_DIRECTIONS_:
Take the line that contains "The Three Stone" and each one after it through the last line below, and retype them exactly. Leave out the pictures.

_DATA SHOWN_:
○ ○ ○ ○ ○

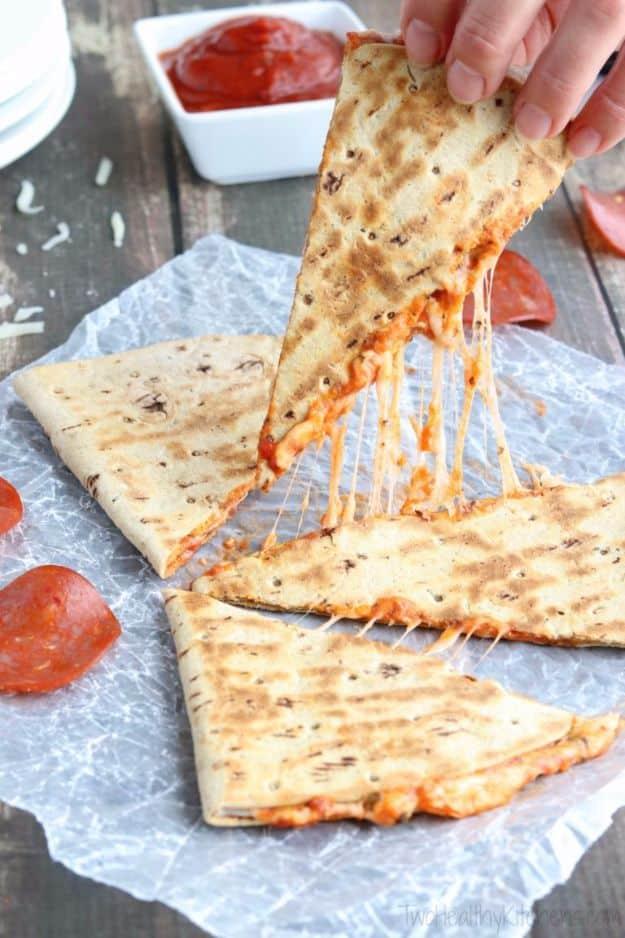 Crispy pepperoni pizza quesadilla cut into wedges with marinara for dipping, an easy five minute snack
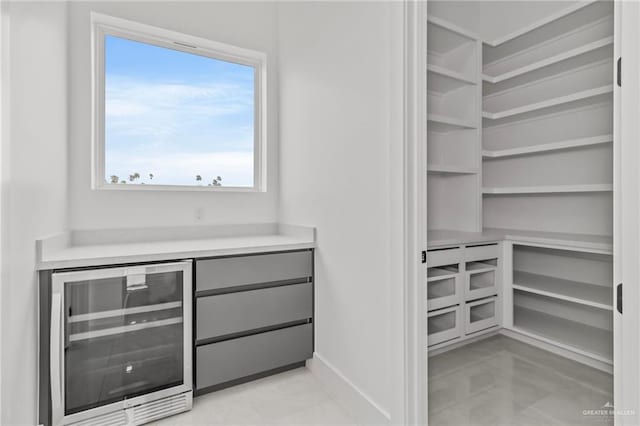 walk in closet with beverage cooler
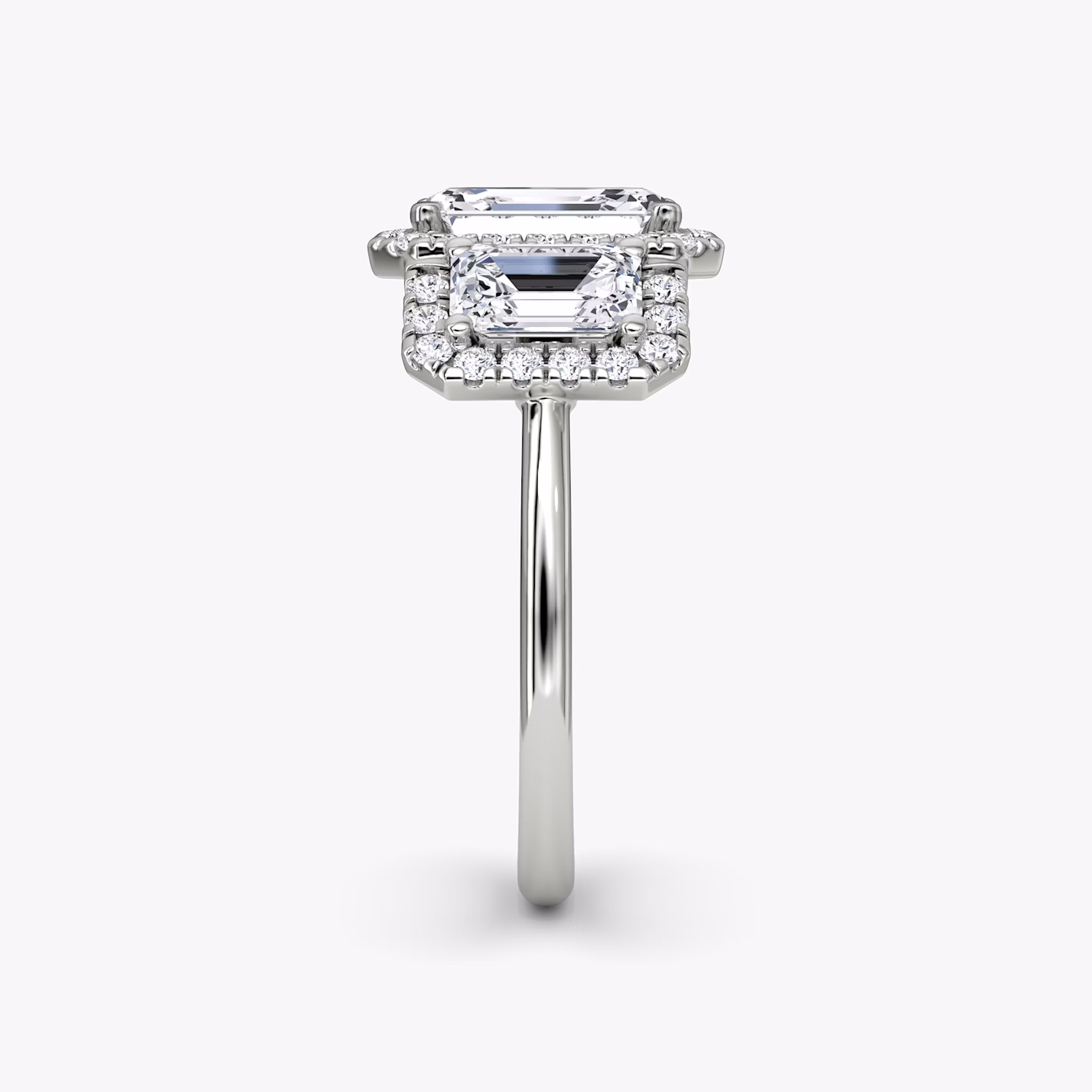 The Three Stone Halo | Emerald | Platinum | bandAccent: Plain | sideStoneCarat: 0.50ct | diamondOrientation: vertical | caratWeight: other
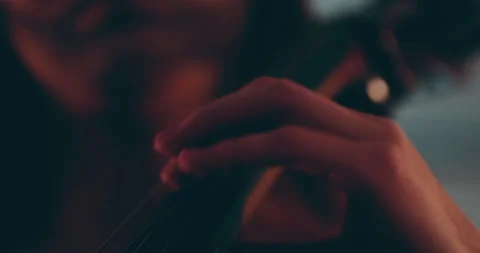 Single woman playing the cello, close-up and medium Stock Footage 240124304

○ ○ ○ ○ ○

_EXPECTED ANSWER_:
 The Three Stone Halo | Emerald | Platinum | bandAccent: Plain | sideStoneCarat: 0.50ct | diamondOrientation: vertical | caratWeight: other
 Single woman playing the cello, close-up and medium Stock Footage 240124304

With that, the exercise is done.